A tearful President Obama issued an executive order to expand background checks before purchasing a firearm in a speech given at the White House on Tuesday.

“Anyone in the business of selling firearms must have a license and must conduct background checks or face criminal prosecution,” he said. “It doesn’t matter where you’re doing it, over the internet or at a gun show, it’s not where you do it, but what you do.”

He became emotional, wiping away tears, when discussing mass shootings that have occurred in America.

“Our unalienable right to life and liberty and the pursuit of happiness, those rights were stripped from college kids in Blacksburg and Santa Barbara and from high schoolers at Columbine,” he said. “And from first graders in Newtown. First graders. And from every family who never imagined that their loved one would be taken by a bullet from a gun.”

The executive order will also provide more funding for mental health treatment and hire more federal employees to help handle background checks.

For the town of Chapel Hill, the issue of gun violence hits especially close to home, something the President mentioned in his speech.

“Our right to worship freely and safely, that right was denied to Christians in Charleston, South Carolina,” he said. “And denied Jews in Kansas City and that was denied Muslims in Chapel Hill and Sikhs in Oak Creek. They had rights too.”

The president was referencing the shootings of Deah Shaddy Barakat, Yusor Mohammad, and Razan Mohammad Abu-Salha in February of 2015.

But, gun violence shook Chapel Hill on Christmas Day, also.

Following the shooting of Maleah Williams, Chapel Hill Mayor Pam Hemminger issued a statement.

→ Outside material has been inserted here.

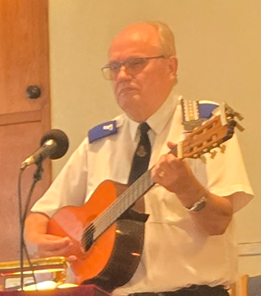Göran Gniste, kårledare för Frälsningsarmén i Varberg, höll i lovsång och delade ord från Bibeln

“Our community should be a safe and peaceful place for everyone. We need greater gun control measures now that will reduce the availability of guns here and everywhere.”

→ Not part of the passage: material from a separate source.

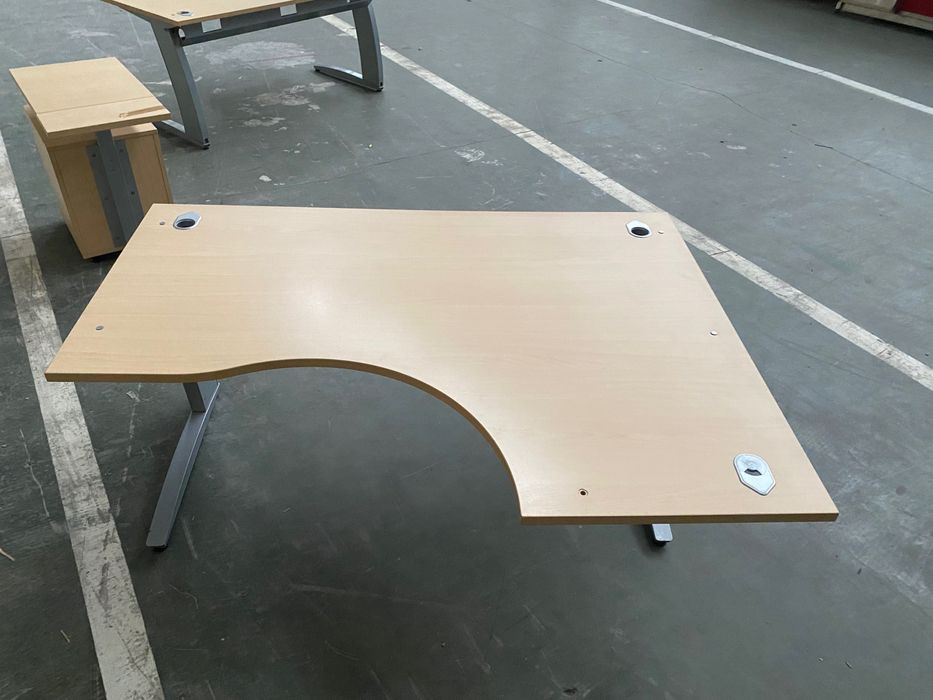 Biurka narożne 160/120 stelaż metalowy, Lewe i Prawe , POLEASINGOWE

Commissioner Earl McKee also issued a statement.

“We cannot view these killings as something that happens to others without the danger, as a community, of becoming numb to them and eventually accepting them as part of life.”

NC Fourth District Congressman David Price issued the following statement regarding the executive action:

“As I said after Sandy Hook, Charleston, Aurora, Virginia Tech, Roseburg, San Bernardino, and Chapel Hill, I categorically reject the notion that we can’t develop reasonable reforms that will save lives while protecting the rights of law-abiding gun owners. I have long advocated for proposals like requiring background checks for gun sales at gun shows or over the Internet and lifting the ban on federally-funded gun violence research, ideas that have widespread support throughout the country.

The reforms President Obama announced today are limited in scope, but they are a well-designed first step and fall well within his constitutional authority. He has repeatedly emphasized that he would much prefer congressional action on gun violence; unfortunately, Republican leadership in Congress refuses to consider even the most common-sense gun reform proposals. Executive action is his only recourse.

Pretending the problem doesn’t exist won’t make it go away. Neither will pandering to special interests over the concerns of the majority of the American people. Congress must finally get the message that something can and must be done about gun violence. The future of our country is at stake.”